- EXERCISE BRIEF:
Repeat precisely the span of lines below that opens with the line containing "Depilacja - ACTIVESHOP" and closes with the line containing "Perbandingan Rekor Tinju...", both included.

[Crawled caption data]
= Beginning of Section =
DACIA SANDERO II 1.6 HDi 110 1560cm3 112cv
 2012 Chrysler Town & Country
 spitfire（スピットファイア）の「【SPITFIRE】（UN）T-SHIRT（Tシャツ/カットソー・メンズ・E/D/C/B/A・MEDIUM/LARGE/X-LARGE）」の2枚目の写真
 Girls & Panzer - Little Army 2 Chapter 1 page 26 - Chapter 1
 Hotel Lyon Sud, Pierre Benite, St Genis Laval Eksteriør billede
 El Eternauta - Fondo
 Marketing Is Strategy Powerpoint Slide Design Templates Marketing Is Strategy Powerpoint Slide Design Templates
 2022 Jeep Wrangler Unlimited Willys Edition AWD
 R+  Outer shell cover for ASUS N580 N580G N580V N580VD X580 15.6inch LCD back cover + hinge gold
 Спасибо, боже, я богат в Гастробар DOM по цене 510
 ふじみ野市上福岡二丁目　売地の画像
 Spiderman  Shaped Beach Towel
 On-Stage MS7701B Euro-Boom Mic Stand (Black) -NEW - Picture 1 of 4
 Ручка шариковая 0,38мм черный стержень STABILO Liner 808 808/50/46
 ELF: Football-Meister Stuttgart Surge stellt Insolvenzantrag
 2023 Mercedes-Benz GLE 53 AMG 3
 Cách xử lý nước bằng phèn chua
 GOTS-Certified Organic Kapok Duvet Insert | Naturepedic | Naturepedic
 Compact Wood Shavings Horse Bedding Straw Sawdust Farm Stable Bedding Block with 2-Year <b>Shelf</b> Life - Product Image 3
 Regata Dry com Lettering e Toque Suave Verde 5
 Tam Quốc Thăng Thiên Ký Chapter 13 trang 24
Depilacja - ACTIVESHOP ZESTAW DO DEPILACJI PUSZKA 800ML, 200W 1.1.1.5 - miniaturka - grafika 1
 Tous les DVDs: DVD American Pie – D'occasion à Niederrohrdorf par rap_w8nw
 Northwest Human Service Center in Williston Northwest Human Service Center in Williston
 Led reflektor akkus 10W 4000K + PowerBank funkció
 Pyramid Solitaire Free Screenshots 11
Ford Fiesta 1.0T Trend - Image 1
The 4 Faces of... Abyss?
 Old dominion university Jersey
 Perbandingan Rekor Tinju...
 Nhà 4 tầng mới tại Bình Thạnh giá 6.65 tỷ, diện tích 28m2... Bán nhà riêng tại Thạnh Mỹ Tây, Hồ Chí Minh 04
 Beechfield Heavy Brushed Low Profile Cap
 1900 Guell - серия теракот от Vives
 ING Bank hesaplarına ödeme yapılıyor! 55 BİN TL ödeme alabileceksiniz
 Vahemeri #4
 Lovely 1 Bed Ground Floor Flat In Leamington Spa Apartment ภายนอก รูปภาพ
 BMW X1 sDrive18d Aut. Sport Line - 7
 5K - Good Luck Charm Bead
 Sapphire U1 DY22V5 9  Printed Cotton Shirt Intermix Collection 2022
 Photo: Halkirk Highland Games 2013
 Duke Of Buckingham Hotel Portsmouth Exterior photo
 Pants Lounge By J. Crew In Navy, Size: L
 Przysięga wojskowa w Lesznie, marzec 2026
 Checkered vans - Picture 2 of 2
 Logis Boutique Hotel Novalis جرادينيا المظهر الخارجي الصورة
= End of Section =
- REPLY:
Depilacja - ACTIVESHOP ZESTAW DO DEPILACJI PUSZKA 800ML, 200W 1.1.1.5 - miniaturka - grafika 1
 Tous les DVDs: DVD American Pie – D'occasion à Niederrohrdorf par rap_w8nw
 Northwest Human Service Center in Williston Northwest Human Service Center in Williston
 Led reflektor akkus 10W 4000K + PowerBank funkció
 Pyramid Solitaire Free Screenshots 11
Ford Fiesta 1.0T Trend - Image 1
The 4 Faces of... Abyss?
 Old dominion university Jersey
 Perbandingan Rekor Tinju...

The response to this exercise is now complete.